The main idea is that EVERY person is entitled to the same thing as others and no one has the right to give something less to someone, but more to someone. People with health and heredity problems are people anyway. They live in this world with others and also feel and understand. This play encourages readers to be tolerant of each other.
All this can be deduced when, for example, there were moments in the book when Jacob or his parents were ridiculed for not being full, even though they still tried to live like other people - to work, raise a son and enjoy this life.
My cousin advised me of this book a long time ago, claiming that it was the best she had read.
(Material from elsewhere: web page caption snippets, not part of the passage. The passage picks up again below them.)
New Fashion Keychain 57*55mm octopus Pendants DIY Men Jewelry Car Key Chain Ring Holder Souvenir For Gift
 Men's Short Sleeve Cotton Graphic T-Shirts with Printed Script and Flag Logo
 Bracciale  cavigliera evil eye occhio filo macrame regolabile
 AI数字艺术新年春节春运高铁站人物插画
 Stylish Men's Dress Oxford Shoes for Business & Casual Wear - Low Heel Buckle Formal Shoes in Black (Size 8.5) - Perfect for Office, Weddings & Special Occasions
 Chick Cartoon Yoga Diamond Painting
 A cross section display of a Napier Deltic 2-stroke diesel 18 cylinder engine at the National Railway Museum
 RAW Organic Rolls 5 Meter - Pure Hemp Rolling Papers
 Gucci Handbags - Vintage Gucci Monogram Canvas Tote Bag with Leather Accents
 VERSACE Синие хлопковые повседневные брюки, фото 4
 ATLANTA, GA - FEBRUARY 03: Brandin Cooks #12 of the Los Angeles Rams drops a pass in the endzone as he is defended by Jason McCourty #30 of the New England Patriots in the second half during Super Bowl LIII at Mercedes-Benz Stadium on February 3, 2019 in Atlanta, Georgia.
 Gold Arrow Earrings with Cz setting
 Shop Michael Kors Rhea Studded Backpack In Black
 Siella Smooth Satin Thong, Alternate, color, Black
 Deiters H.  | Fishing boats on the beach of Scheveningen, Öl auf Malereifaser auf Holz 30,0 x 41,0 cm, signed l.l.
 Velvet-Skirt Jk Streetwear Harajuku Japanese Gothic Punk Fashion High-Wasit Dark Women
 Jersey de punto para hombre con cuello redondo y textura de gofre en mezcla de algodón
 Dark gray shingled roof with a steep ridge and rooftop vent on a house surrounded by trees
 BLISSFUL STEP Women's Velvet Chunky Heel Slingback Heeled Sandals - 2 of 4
The author used intelligible colloquial language, as well as vulgarism, jargon, barbarism and even at times simple speech.
The story is unusual, and perhaps even ambiguous, on the one hand, it is no different from any other drama, but it contains such a very imperceptible but vivid idea that people should respect each other and help rather than exclude the unequal.
What I liked most was when Jacob's father was arguing with a friend about football (who was also blind) and how they threatened each other: "Hey you, get here ..." and there was no way to hit each other.
I was annoyed by one moment when Jacob said, "I felt special...". Because it seemed a little wrong to me because or everyone is property or no one, and all are equal.
I was very intrigued every second, it really wasn't a waste of time.
I would recommend it to anyone who thinks he has a bad life because this play really makes you think about the values of life, what is and how others are not.